Dans un article paru dans le Monde Diplomatique en août 2016, Matthieu Grossetête, chercheur rattaché au Centre universitaire de recherches sur l’action publique et le politique, université de Picardie, fait le lien entre les accidents de la route et les classes sociales.

Le constat est que les pouvoirs publics incriminent uniquement les comportements individuels pour expliquer la hausse du nombre de morts sur les routes en 2014 et 2015. Or, pour M. Grossetête, outre les conduites individuelles, cela vient aussi de la précarisation des classes populaires et des inégalités sociales.

Un accident de la route est le résultat de déterminations collectives. En effet, si l’on prend pour exemple les jeunes, alors que 38 % du total des accidentés décédés avaient moins de 30 ans, ce pourcentage s’élève à presque 50 % chez les ouvriers. Et la surreprésentation des ouvriers apparaît quel que soit l’âge.

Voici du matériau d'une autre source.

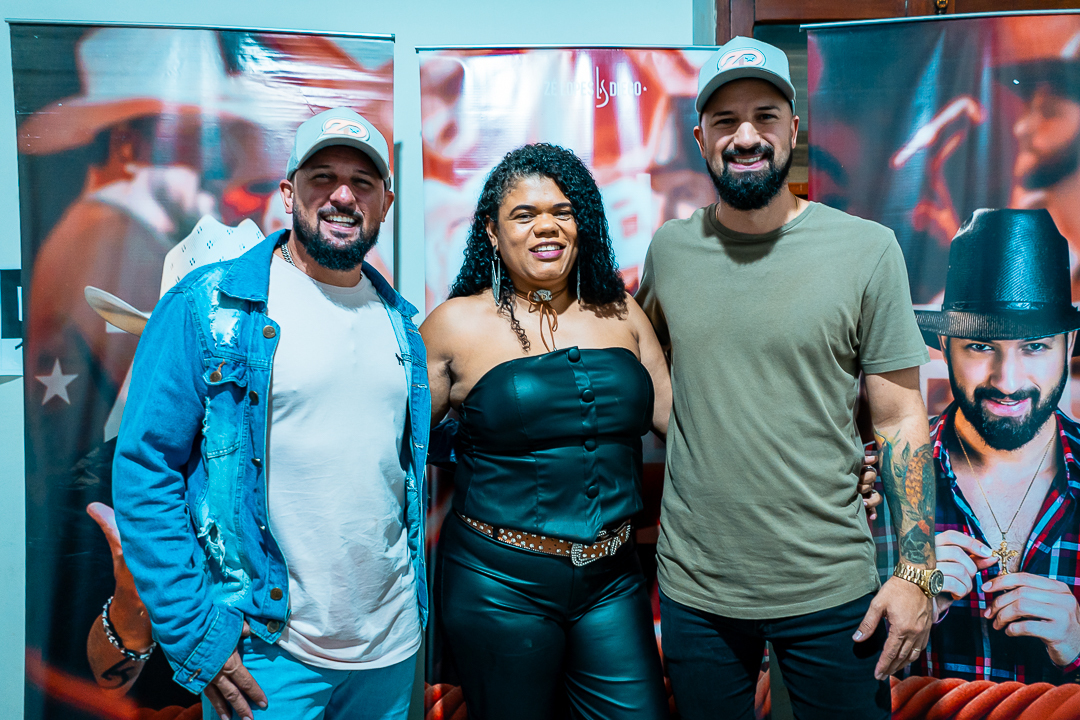 Zé Lopes e Diego no camarim antes do show da Semana da Asa 2026 em Dumont SP
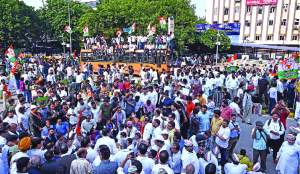 Delhi traffic gridlock: Opposition march cripples city roads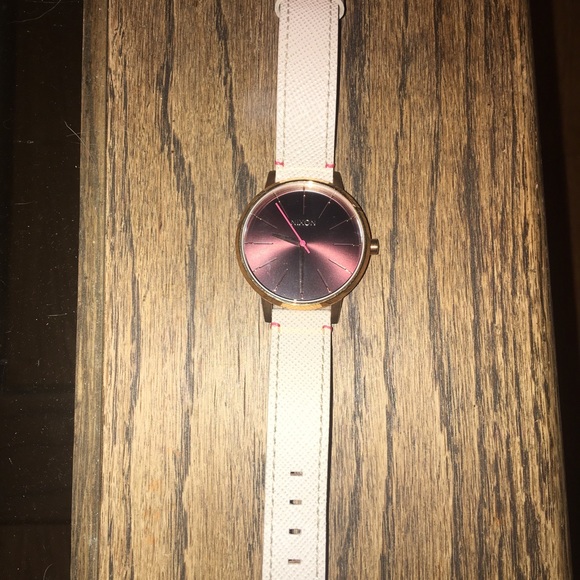 Nixon woman’s watch - Picture 2 of 7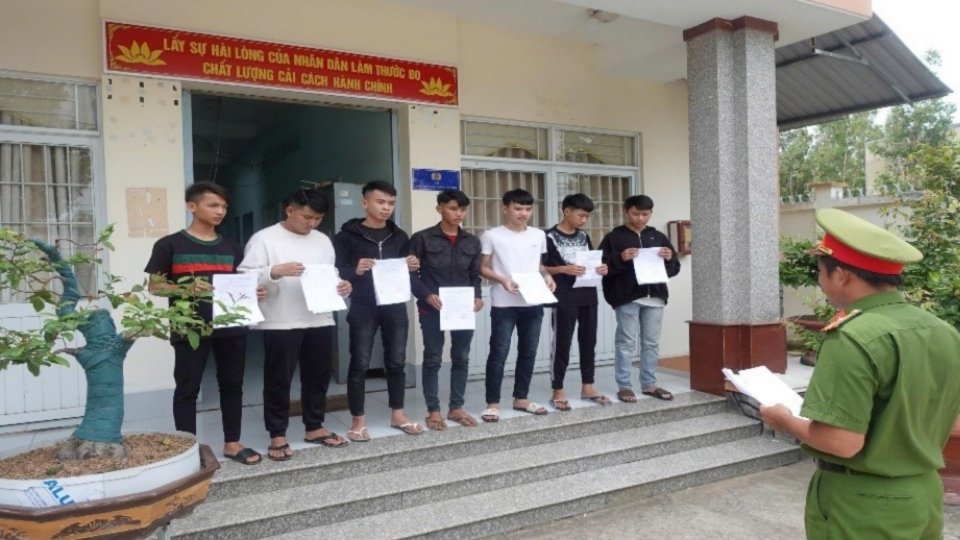 La policía del barrio de Đông Thành coordinó la entrega de la decisión de procesar al acusado y la orden de prohibición de abandonar el lugar de residencia para los sujetos relacionados con el caso de alteración del orden público. Foto: Policía de Vĩnh Long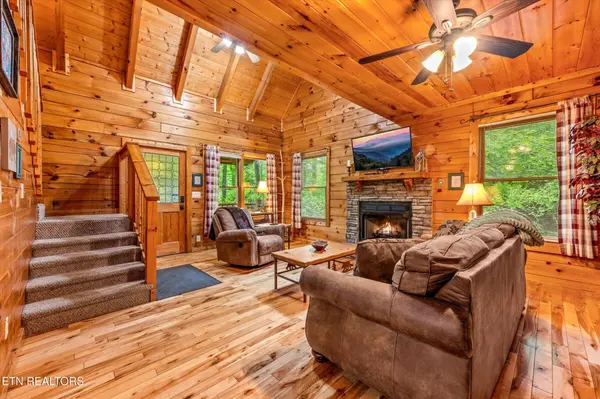1712 Pulaski Lane, Sevierville, TN 37862
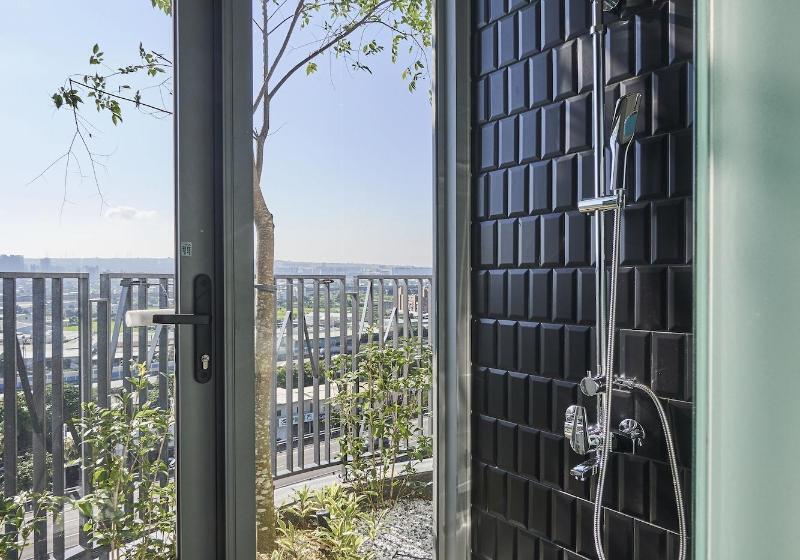 اتاق استاندارد, Royal Roi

Les catégories sociales favorisées et les professions libérales sont-elles plus vertueuses au volant ? Dans une étude des comparutions pour homicide routier dans un tribunal de grande instance, on constate une surreprésentation des cadres et une sous-représentation des ouvriers : les conducteurs utilisant des véhicules équipés de protections plus modernes et plus efficaces ont été épargnés dans les accidents qu’ils ont provoqués. Les juges de ce tribunal établissent d’ailleurs un lien direct entre le capital économique des inculpés, la puissance de leur véhicule et leur sentiment d’omnipotence dans l’espace public. Ces prévenus bénéficient d’une certaine clémence… Dans des circonstances équivalentes, les ouvriers sont plus sévèrement condamnés.

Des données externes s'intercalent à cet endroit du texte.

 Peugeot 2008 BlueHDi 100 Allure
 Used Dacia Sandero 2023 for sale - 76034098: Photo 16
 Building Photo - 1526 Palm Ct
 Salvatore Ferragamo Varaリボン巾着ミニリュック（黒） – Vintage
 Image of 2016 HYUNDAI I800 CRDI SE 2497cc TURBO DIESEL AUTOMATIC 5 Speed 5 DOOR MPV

En dehors de voitures puissantes et protectrices, ces disparités cadres/ouvriers s’expliquent aussi par les conditions de vie des classes populaires. On sait que 80 % des accidents mortels ont lieu sur les routes départementales, et ce sont souvent les classes populaires qui vivent loin des agglomérations et qui effectuent des trajets plus longs pour se rendre au travail. Les plus aisés habitent en ville ou empruntent l’auto-route (payante). Mais c’est aussi l’isolement affectif des couches populaires (les conducteurs mis en cause sont plus souvent célibataires, veufs ou divorcés), qui accentue l’impératif de profiter de la vie, l’avenir n’étant plus assuré.

De nombreux fonctionnaires de terrain constatent la surreprésentation des personnes précaires parmi les victimes. Mais les pouvoirs publics préfèrent ignorer ce constat et vont jusqu’à museler ceux qui osent évoquer ce problème. Pourtant, la connaissance de ces inégalités routières pourrait permettre d’orienter différemment les politiques publiques et éviter nombre d’accidents. Pour exemple, les classes populaires sont largement absentes des campagnes nationales de prévention.